**GOAL OF THE EXERCISE:** Skip the pictures and restate, word for word, the lines from the one containing "Tom Prague Printed" to the end of the data below.

_____

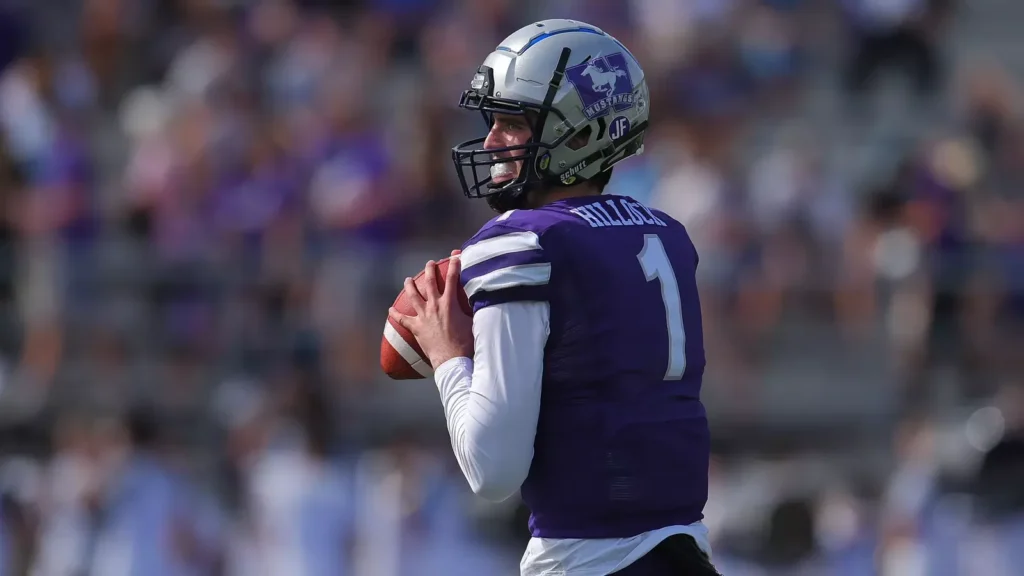 Paris Lights sign Vanier Cup-winning quarterback Evan Hillock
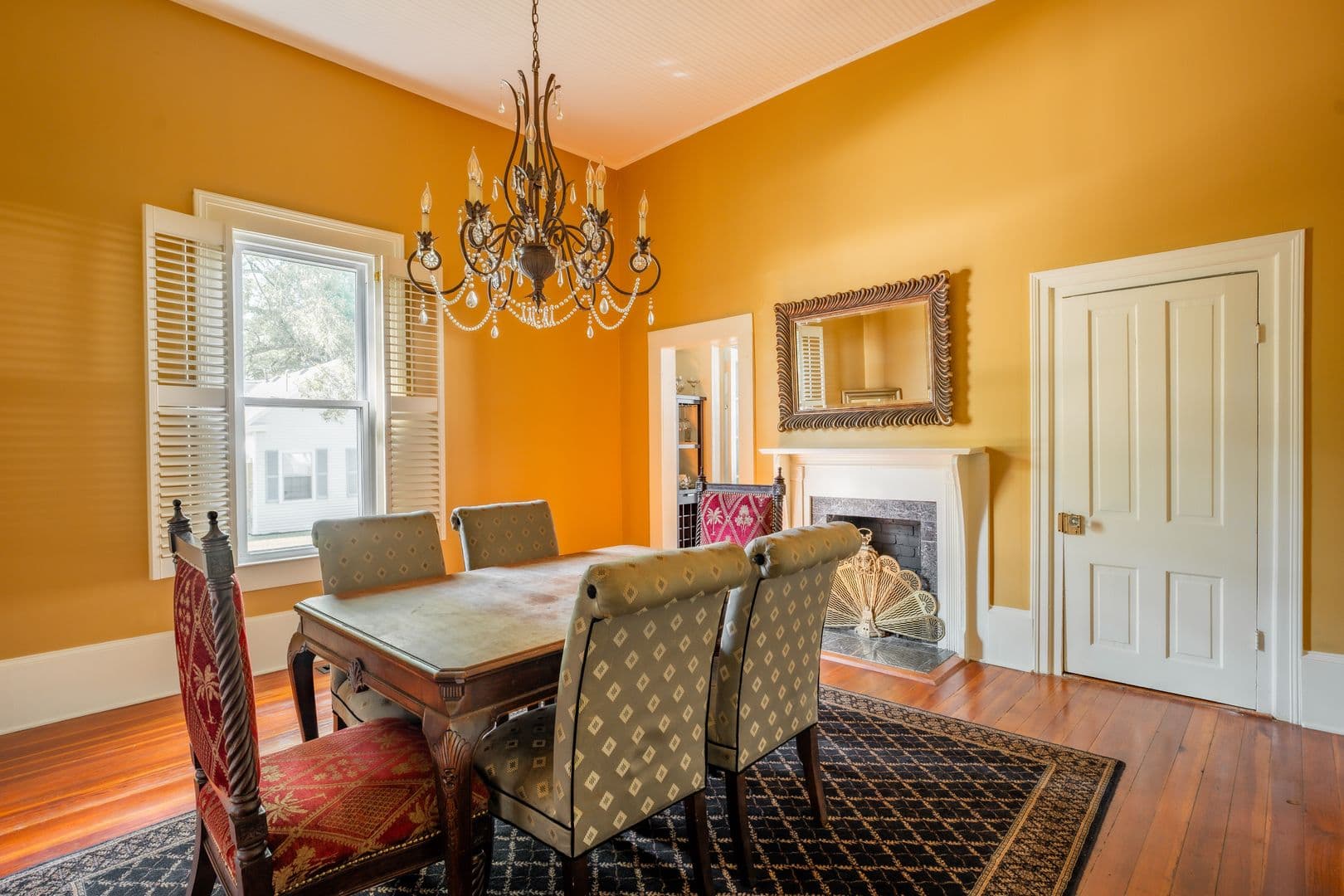 Fairburn House: 152-A Rivertown Rd
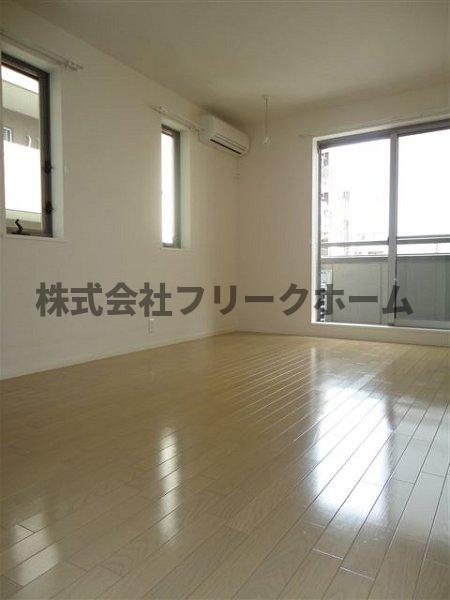 居室・リビング　別号室参考写真になります。
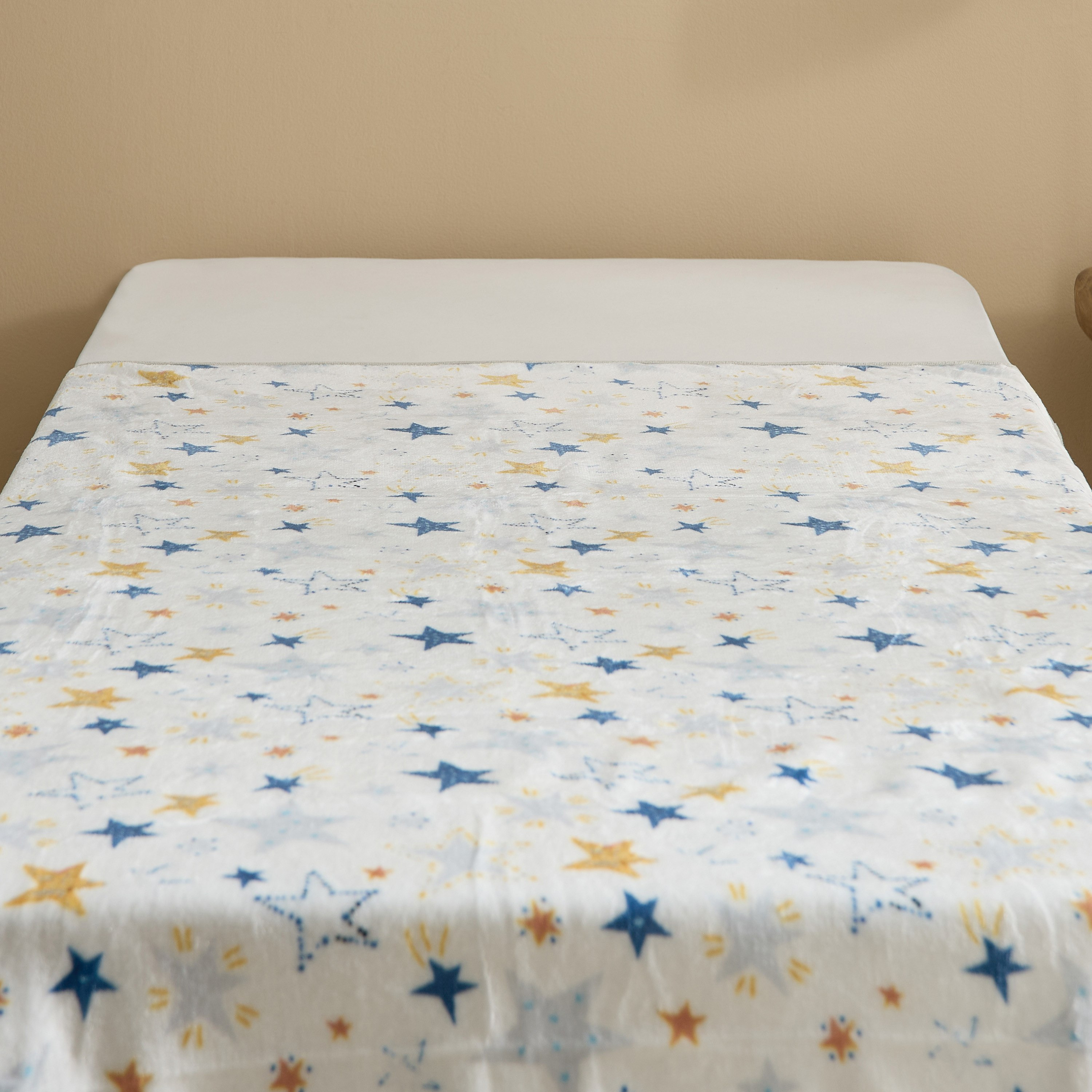Tom Prague Printed Flannel Fleece Blanket with Piping - 120x160 cm-hbxhomeware-hbxkidsandyouth-image-3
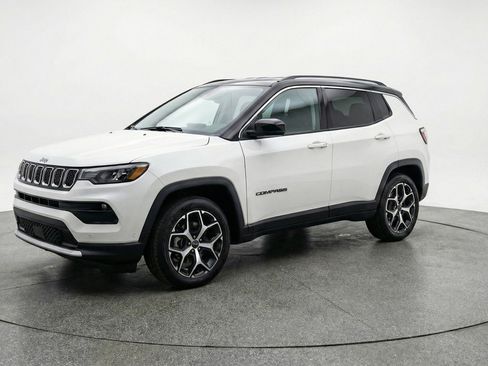 Used 2025 Jeep Compass Limited AWD/4WD image 3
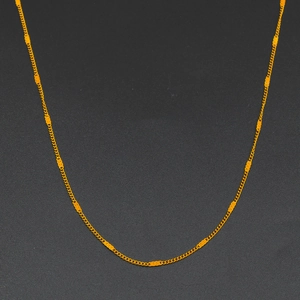 Collana a catena in acciaio inossidabile dorato con maglie rettangolari su fondo nero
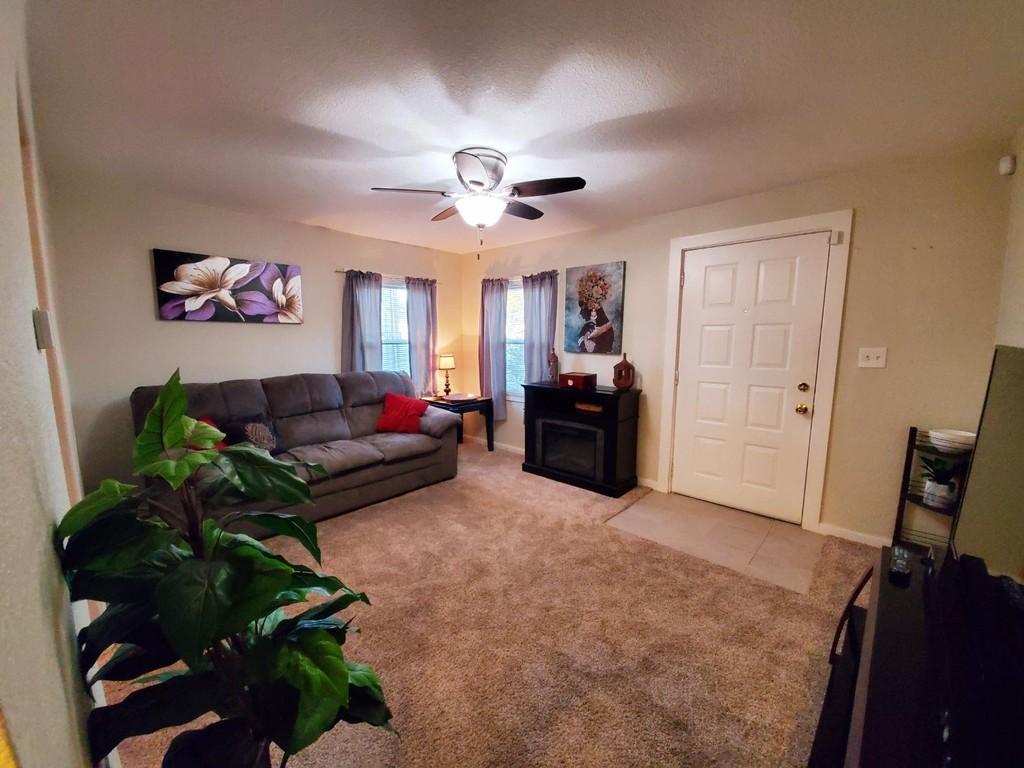 Primary Photo - 2465 Colfax St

_____

**EXERCISE ANSWER:**
Tom Prague Printed Flannel Fleece Blanket with Piping - 120x160 cm-hbxhomeware-hbxkidsandyouth-image-3
 Used 2025 Jeep Compass Limited AWD/4WD image 3
 Collana a catena in acciaio inossidabile dorato con maglie rettangolari su fondo nero
 Primary Photo - 2465 Colfax St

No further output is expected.